A bold new hypothesis that might explain why mankind has yet to be contacted by any extraterrestrial civilization despite the apparent likelihood of life existing beyond our planet has been proposed recently by two researchers, Dr. Michael Wong from the Carnegie Institution for Science and Dr. Stuart Bartlett from California Institute of Technology.
In their study, published in the Proceedings of the Royal Society, the duo postulates that this state of affairs may be the product of alien civilizations hitting a particular snag during their advancement and expansion.
Pointing to previous research suggesting that “city metrics having to do with growth, productivity and overall energy consumption scale superlinearly”, Wong and Bartlett state that “superlinear scaling results in crises called ‘singularities’, where population and energy demand tend to infinity in a finite amount of time, which must be avoided by ever more frequent ‘resets’ or innovations that postpone the system's collapse”.

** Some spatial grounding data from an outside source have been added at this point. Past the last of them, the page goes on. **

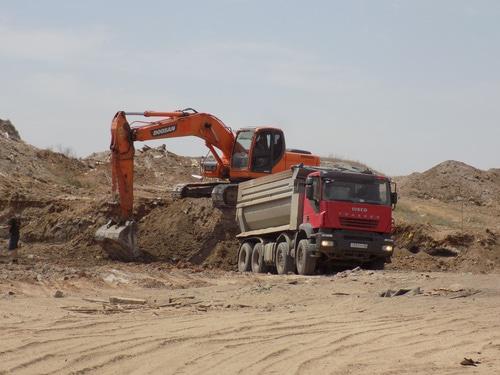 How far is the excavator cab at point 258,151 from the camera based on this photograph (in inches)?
1133

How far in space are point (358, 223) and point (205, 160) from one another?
8.83 meters

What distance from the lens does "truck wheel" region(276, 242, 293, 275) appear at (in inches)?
957

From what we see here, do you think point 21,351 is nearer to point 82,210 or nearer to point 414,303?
point 414,303

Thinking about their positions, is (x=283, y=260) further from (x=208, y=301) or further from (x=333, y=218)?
(x=208, y=301)

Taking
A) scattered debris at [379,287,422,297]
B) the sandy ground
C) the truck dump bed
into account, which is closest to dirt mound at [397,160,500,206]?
the truck dump bed

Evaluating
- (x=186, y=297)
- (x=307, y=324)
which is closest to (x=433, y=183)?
(x=186, y=297)

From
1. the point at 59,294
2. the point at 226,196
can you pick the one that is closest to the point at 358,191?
the point at 226,196

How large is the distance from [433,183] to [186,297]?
3425 cm

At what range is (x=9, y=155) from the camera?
38281 millimetres

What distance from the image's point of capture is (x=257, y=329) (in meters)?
11.0

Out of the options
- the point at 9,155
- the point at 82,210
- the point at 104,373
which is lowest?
the point at 104,373

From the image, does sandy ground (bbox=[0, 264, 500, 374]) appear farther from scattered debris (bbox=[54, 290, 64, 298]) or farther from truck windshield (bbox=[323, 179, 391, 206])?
truck windshield (bbox=[323, 179, 391, 206])

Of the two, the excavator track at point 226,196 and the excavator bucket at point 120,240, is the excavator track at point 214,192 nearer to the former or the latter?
the excavator track at point 226,196

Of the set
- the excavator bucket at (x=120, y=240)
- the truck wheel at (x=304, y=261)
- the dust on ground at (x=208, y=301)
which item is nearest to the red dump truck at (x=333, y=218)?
the truck wheel at (x=304, y=261) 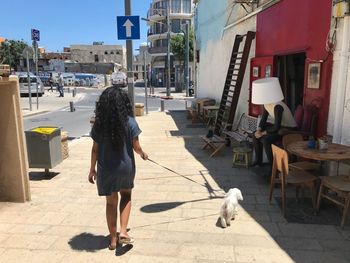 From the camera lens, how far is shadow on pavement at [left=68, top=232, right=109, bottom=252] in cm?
399

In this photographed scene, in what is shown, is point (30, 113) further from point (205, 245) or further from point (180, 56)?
point (180, 56)

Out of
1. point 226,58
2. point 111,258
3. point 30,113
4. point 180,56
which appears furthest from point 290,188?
point 180,56

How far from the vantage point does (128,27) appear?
361 inches

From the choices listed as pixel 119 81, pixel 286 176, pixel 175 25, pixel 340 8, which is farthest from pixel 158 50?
pixel 286 176

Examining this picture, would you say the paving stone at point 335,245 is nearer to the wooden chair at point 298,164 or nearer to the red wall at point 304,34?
the wooden chair at point 298,164

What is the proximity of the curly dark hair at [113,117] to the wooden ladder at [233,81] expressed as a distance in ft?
20.9

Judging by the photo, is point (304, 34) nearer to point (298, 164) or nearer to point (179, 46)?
point (298, 164)

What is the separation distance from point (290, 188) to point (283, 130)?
38.3 inches

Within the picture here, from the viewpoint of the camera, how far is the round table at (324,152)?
4.66 metres

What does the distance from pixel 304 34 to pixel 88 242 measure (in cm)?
514

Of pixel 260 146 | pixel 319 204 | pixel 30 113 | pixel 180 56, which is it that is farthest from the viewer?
pixel 180 56

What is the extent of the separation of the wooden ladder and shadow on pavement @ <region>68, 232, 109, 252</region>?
20.0 feet

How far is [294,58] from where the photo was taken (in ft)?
28.2

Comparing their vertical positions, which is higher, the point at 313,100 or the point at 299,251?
the point at 313,100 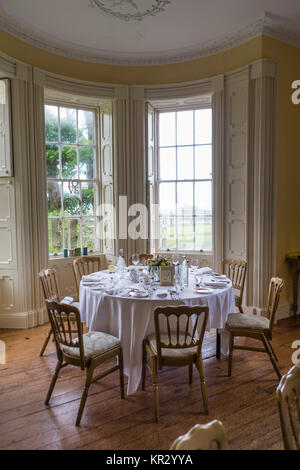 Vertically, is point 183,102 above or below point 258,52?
below

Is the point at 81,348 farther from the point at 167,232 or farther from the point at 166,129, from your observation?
the point at 166,129

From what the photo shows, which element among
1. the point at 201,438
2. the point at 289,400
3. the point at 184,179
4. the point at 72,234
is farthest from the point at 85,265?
the point at 201,438

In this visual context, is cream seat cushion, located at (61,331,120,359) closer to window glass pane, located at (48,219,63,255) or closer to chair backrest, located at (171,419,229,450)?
chair backrest, located at (171,419,229,450)

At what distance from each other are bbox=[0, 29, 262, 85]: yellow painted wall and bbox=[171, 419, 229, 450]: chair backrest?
16.0 ft

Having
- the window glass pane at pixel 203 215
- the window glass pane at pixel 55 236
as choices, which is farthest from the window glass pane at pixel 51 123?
the window glass pane at pixel 203 215

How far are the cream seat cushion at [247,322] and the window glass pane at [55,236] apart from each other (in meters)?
3.03

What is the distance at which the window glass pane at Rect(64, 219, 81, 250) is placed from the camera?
5.56 m

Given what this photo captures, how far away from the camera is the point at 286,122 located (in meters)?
4.93

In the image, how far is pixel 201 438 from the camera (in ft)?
3.59

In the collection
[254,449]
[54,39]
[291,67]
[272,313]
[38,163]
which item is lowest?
[254,449]

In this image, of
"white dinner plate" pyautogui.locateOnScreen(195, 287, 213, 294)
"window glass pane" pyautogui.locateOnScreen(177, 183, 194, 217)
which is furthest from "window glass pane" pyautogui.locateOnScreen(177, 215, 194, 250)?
"white dinner plate" pyautogui.locateOnScreen(195, 287, 213, 294) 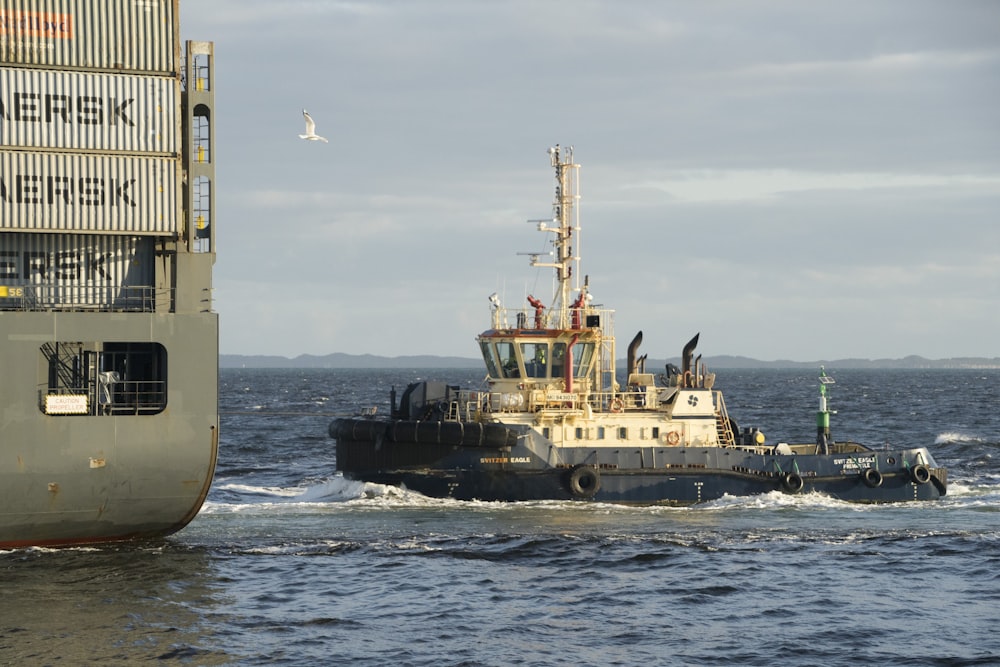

“Here, we place the emergence of cities and planetary civilizations in the context of major evolutionary transitions,” the researchers wrote. “With this perspective, we hypothesize that once a planetary civilization transitions into a state that can be described as one virtually connected global city, it will face an ‘asymptotic burnout’, an ultimate crisis where the singularity-interval time scale becomes smaller than the time scale of innovation.”
Therefore, the researchers propose two potential scenarios that may explain why we have yet to see any hypothetical alien civilization extending its reach into our corner of the galaxy.
In one of them, alien civilizations essentially “collapse from burnout”.
In the other, if an alien civilization manages to see the proverbial writing on the wall before it is too late, it may instead change its course to “prioritizing homeostasis, a state where cosmic expansion is no longer a goal, making them difficult to detect remotely”.